What is Internal Affairs?
The Live Oak Police Department maintains a separate unit for receiving and investigating complaints from citizens against Live Oak Police Officers and Civilian Employees. The Internal Affairs Section is a separate unit, which reports directly to the Chief and his Executive Staff. It is a fact-finding entity and its purpose is three-fold:
- Protecting the Public: The public has the right to receive fair, efficient and impartial law enforcement. Any misconduct by Live Oak Police personnel must first be detected, thoroughly investigated and, finally, properly adjudicated to assure the maintenance of these qualities.
- Protecting the Police Department: The Police Department is often evaluated and judged by the conduct of its individual employees. It is imperative that the whole organization not be criticized because of the misconduct of a few. An informed public must have confidence that its Police Department honestly and fairly investigates and adjudicates all allegations of misconduct against its employees.
- Protecting the Employee: Employees must be protected against false or misinformed allegations of misconduct. This can only be accomplished through a consistently thorough investigative process. Sworn statements submitted to the Internal Affairs Section are notarized and treated in the same manner as testimony in a court of law. Therefore, perjury statutes apply.

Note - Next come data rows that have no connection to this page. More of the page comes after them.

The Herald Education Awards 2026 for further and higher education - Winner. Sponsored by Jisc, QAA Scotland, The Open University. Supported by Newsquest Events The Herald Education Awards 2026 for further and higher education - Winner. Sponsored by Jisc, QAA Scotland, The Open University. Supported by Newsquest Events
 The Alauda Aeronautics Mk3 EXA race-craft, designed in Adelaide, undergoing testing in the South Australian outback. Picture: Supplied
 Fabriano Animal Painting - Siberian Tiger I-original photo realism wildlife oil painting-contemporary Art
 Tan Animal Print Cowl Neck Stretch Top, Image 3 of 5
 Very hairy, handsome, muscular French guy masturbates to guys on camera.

Complaints that are shown to be false will be forwarded to the Bexar County District Attorney’s Office for consideration of criminal charges.
- The Live Oak Police Department prohibits its officers from engaging in racial pofiling. A person wishing to make a complaint in reference to alleged racial profiling by a Live Oak Police Officer should follow the complaint process.
Contacting Internal Affairs:
The Internal Affairs Section is located in the Live Oak Police Department at 8022 Shin Oak Drive, Live Oak, TX 78233. The office hours are Monday through Friday, 8:00 a.m. to 5:00 p.m. Phone messages can be left anytime after hours and will be promptly returned (210) 945-1700.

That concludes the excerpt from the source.